▶ **The task**:
Line by line, give the data again exactly as it appears, but without pictures.

-- Provided records follows --

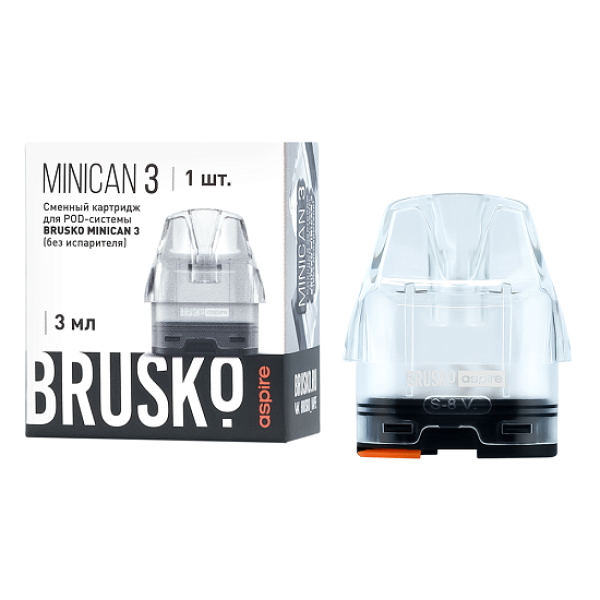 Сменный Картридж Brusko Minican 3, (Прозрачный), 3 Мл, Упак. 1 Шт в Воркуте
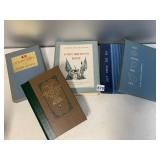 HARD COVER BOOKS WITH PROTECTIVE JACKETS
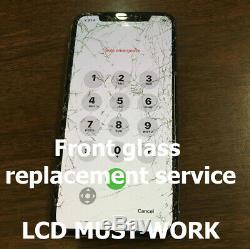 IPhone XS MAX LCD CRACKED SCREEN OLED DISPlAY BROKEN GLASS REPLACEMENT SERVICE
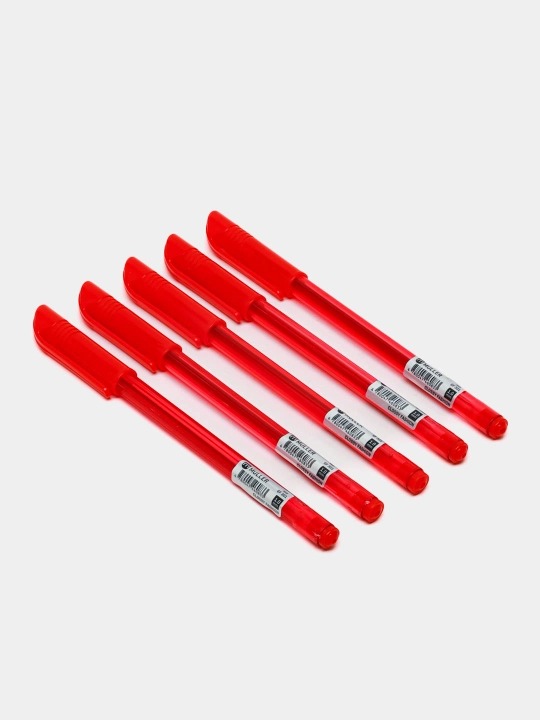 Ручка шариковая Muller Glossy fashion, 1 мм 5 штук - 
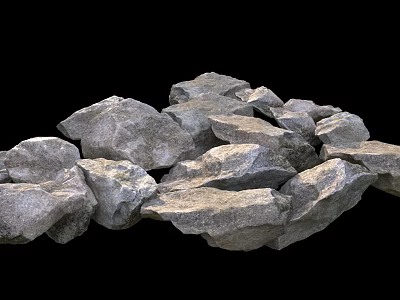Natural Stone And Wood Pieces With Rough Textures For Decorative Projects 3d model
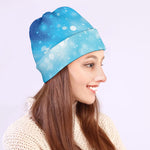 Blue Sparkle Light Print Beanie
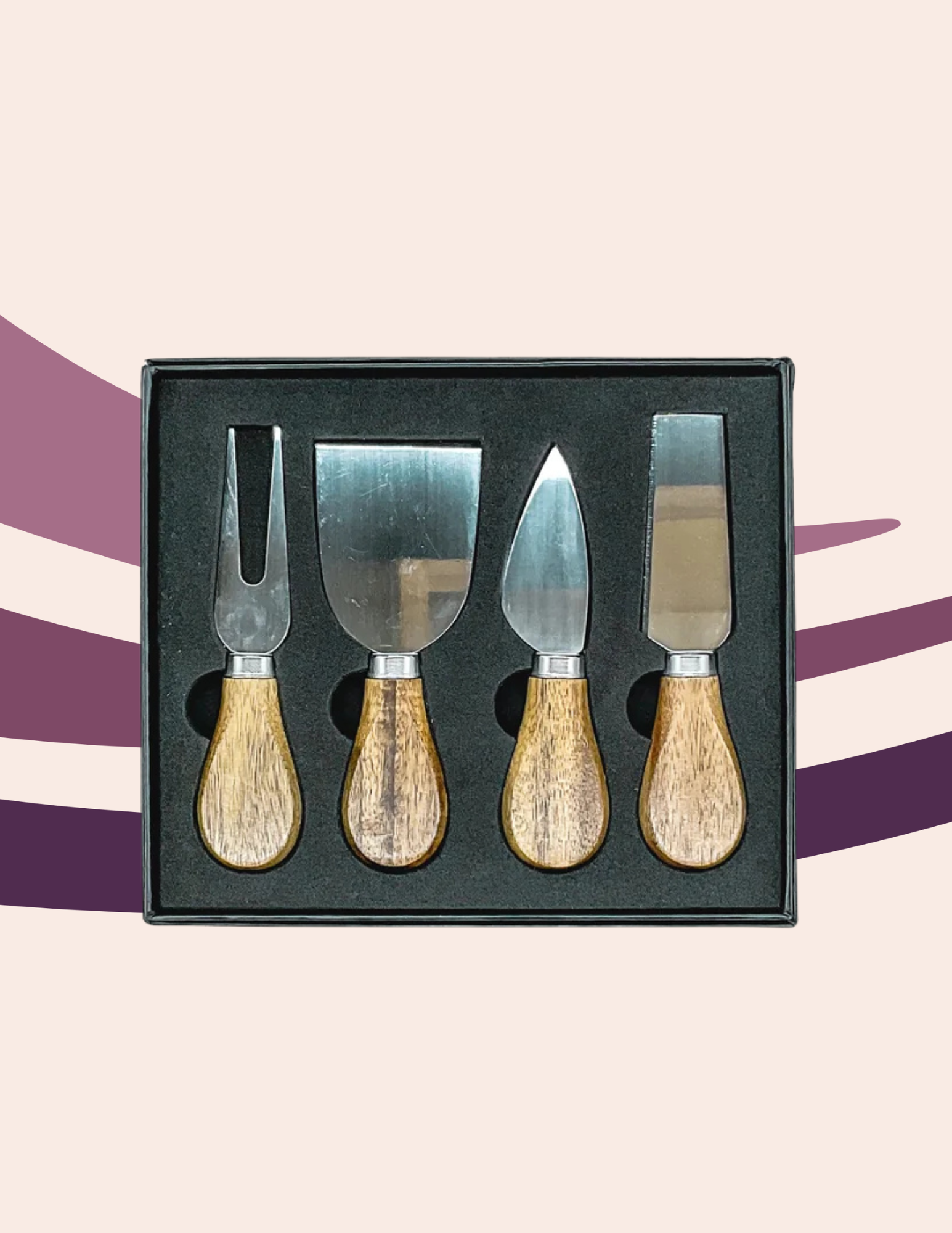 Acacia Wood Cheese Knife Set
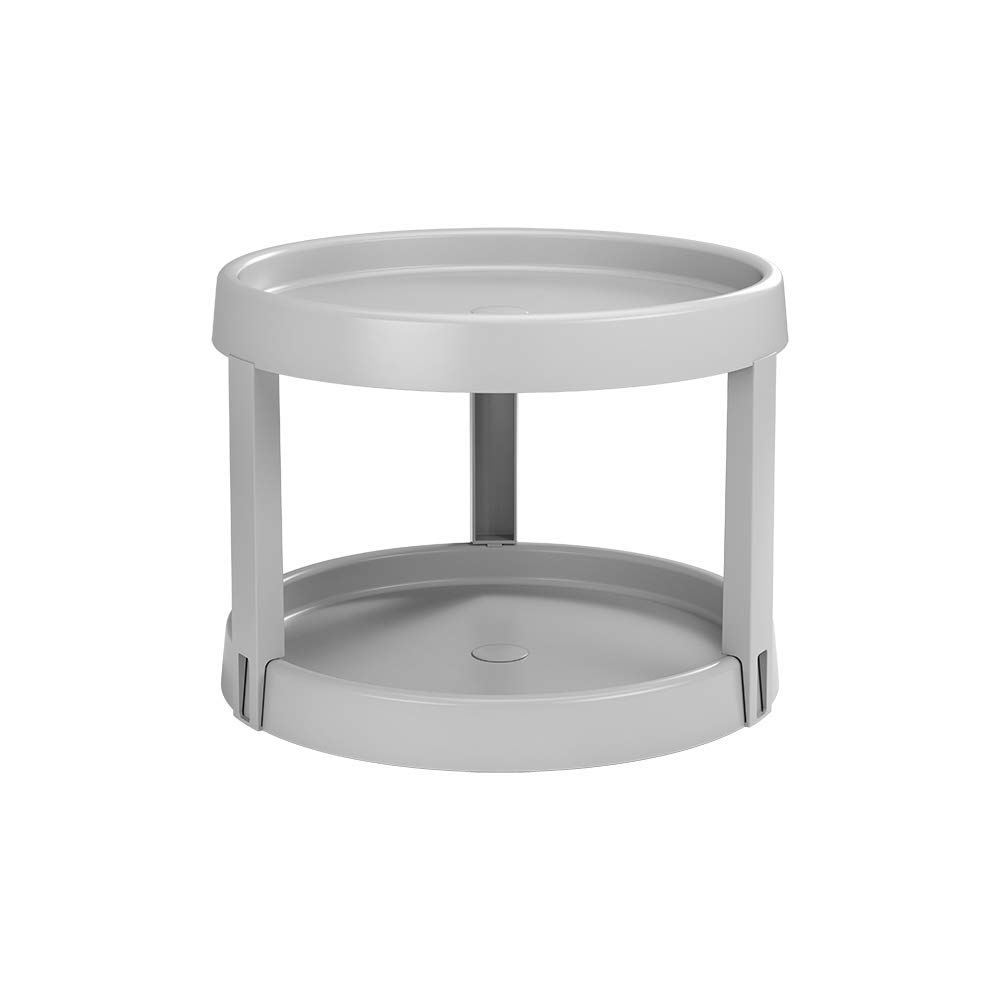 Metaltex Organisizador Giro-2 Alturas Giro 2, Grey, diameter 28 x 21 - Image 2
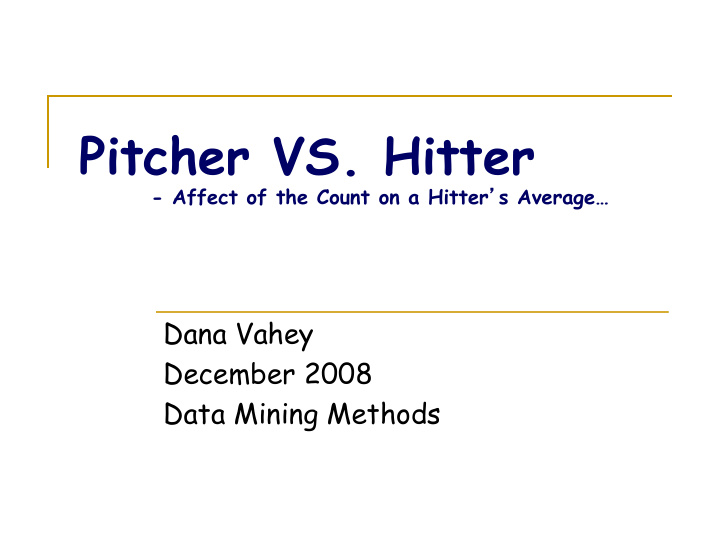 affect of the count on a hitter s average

-- Provided records concluded --

▶ **Result of the task**:
 Сменный Картридж Brusko Minican 3, (Прозрачный), 3 Мл, Упак. 1 Шт в Воркуте
 HARD COVER BOOKS WITH PROTECTIVE JACKETS
 IPhone XS MAX LCD CRACKED SCREEN OLED DISPlAY BROKEN GLASS REPLACEMENT SERVICE
 Ручка шариковая Muller Glossy fashion, 1 мм 5 штук - 
Natural Stone And Wood Pieces With Rough Textures For Decorative Projects 3d model
 Blue Sparkle Light Print Beanie
 Acacia Wood Cheese Knife Set
 Metaltex Organisizador Giro-2 Alturas Giro 2, Grey, diameter 28 x 21 - Image 2
 affect of the count on a hitter s average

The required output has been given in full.